The transition from the Hallstatt to the Latène period is also a rather strong transformation that concerns all domains. Hoards, gagate, and lances show medium change intensities and represent the smallest factors of change in this transformation. The settlement pattern is at about the same level. Here, we can perceive a strong change in settlement numbers and moderate changes in the site locations and the type of settlement patterns. It is hardly possible to define a focus for this transformation. The Latène period is not only marked by a new art style, but also by a very strong ritual component. At the same time, a social transformation that affects all parts of society takes place, with the elites particularly affected as they become less visible.

Our final transformation is the transition from Latène B to C, which shows rather low intensities. The strongest factors are the swords, the inhumations and the settlement patterns on a medium level, while all other factors show minor or zero contribution to the transformation. The settlement patterns and the ritual domain seem to dominate the focus slightly. While the later part of the Early Latène period (Lt B) is, in particular, considered a kind of democratisation, the transition to Lt C is marked by the swords and conflict-oriented factors in contrast to the prestige of social status.

The case studies in this chapter suggest that a set of location-based transformation indicators can be used to indicate, characterise, and measure the degree of transformations. The change profiles appear to be a useful tool for comparing and integrating the multitude of location-based transformation indicators and information from other domains. This allows for the development and communication of rather complicated or even complex transformation interpretations.

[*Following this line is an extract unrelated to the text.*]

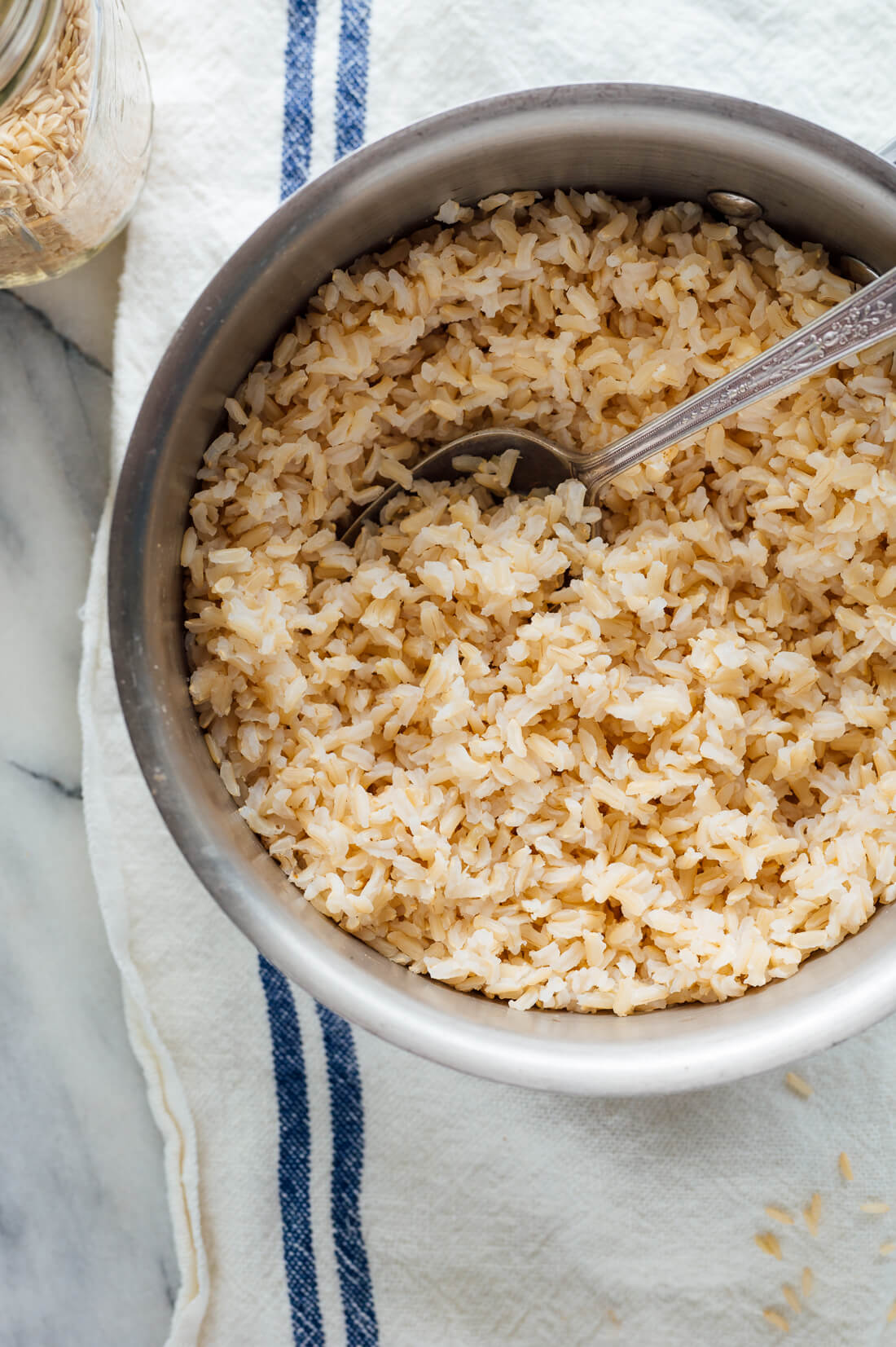 Easy Brown Rice Recipe: Stovetop, Instant Pot & Rice Cooker Guide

The correlation between similar transformation indices is much smaller than expected and hence, they offer a better and more detailed characterisation of the transformations. The change profiles allow the easy integration of additional information. This allows a deeper understanding of the individual transformations and even of interrelated transformations. For the case study from South-West Germany, we revealed two interrelated transformation processes. The first process focuses on the formation of the elites, which supports and accelerates technical developments. This prepared the way for the second process, which affects the whole society and involves a kind of social consolidation.

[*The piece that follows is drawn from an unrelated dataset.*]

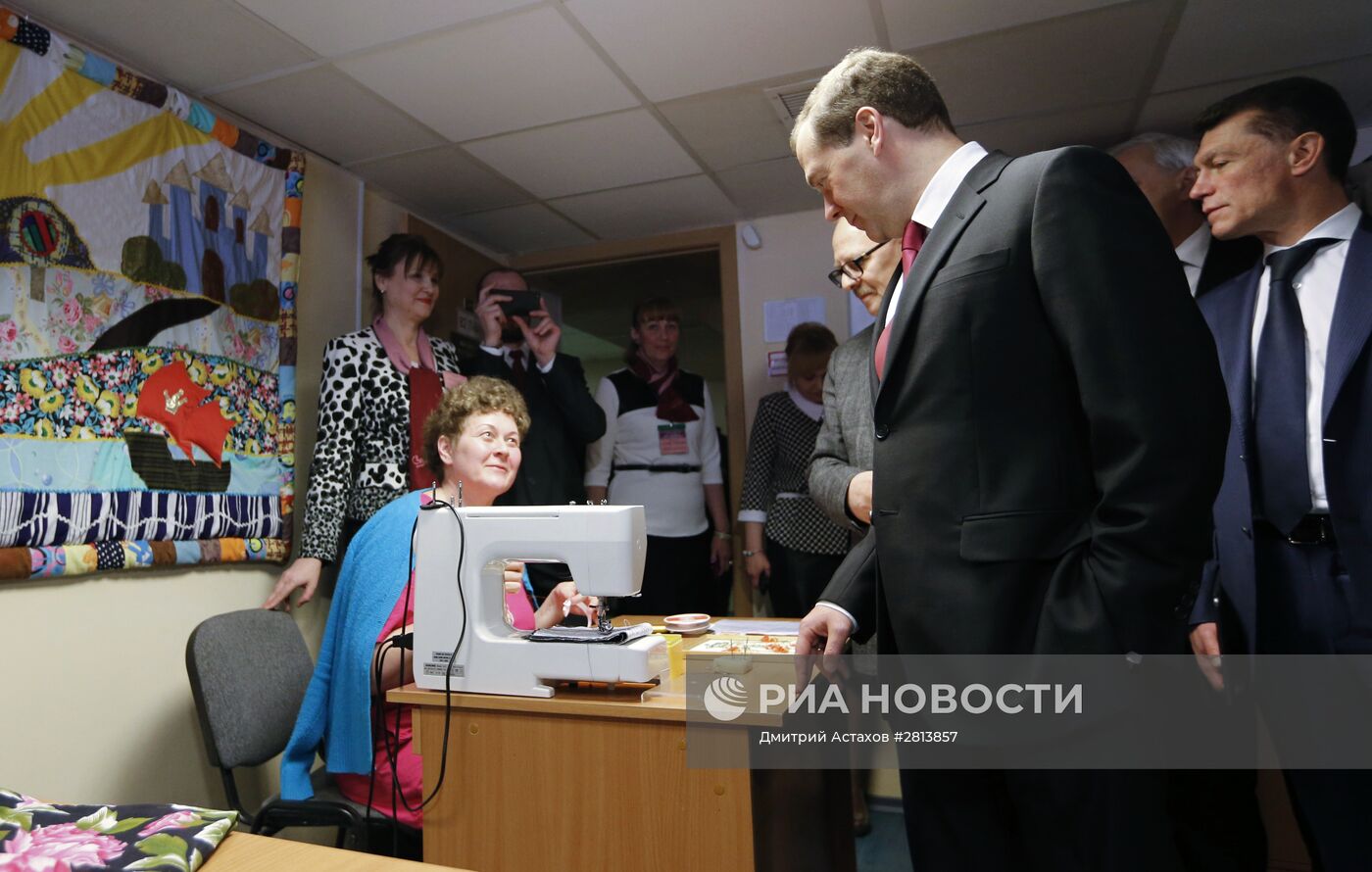 Рабочая поездка премьер-министра РФ Д. Медведева в Северо-Западный федеральный округ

A remaining problem is that different domains and sub-domains, represented by indicator types and single indicators, have different natural degrees of change or different natural variability. Though this is a result in its own right, it makes comparison more difficult. A calibration of the change factors, according to several very different case studies, could be a solution and would at the same time be a sound measure of the natural variability. This suggestion goes beyond the present chapter, however, due to the required number of case studies.

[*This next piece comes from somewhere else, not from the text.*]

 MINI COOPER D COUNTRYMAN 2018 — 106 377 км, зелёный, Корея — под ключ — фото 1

The change profiles suffer from an aoristic dating bias that has to be considered with the interpretation. Because of the simple methods and greatly limited data requirements, the location-based indicators appear to be a rather simple though powerful tool, but obviously they cannot cover all domains. A next step could be to develop similar sets of indicators for other domains.

With the diachronic representation of the changing processes via synchronous quantification, change profiles make it possible to integrate information from different domains for the interpretation of transformations. The benefits of the method provided here are twofold: first, by using a widely available set of parameters (in this case of the location of sites) change profiles can identify indicators for well-known transformations. This needs to be transferred to other assumed indicators and applications. Second, change profiles provide a tool for visualising heterogeneous data and deepening our understanding of intertwined parameters.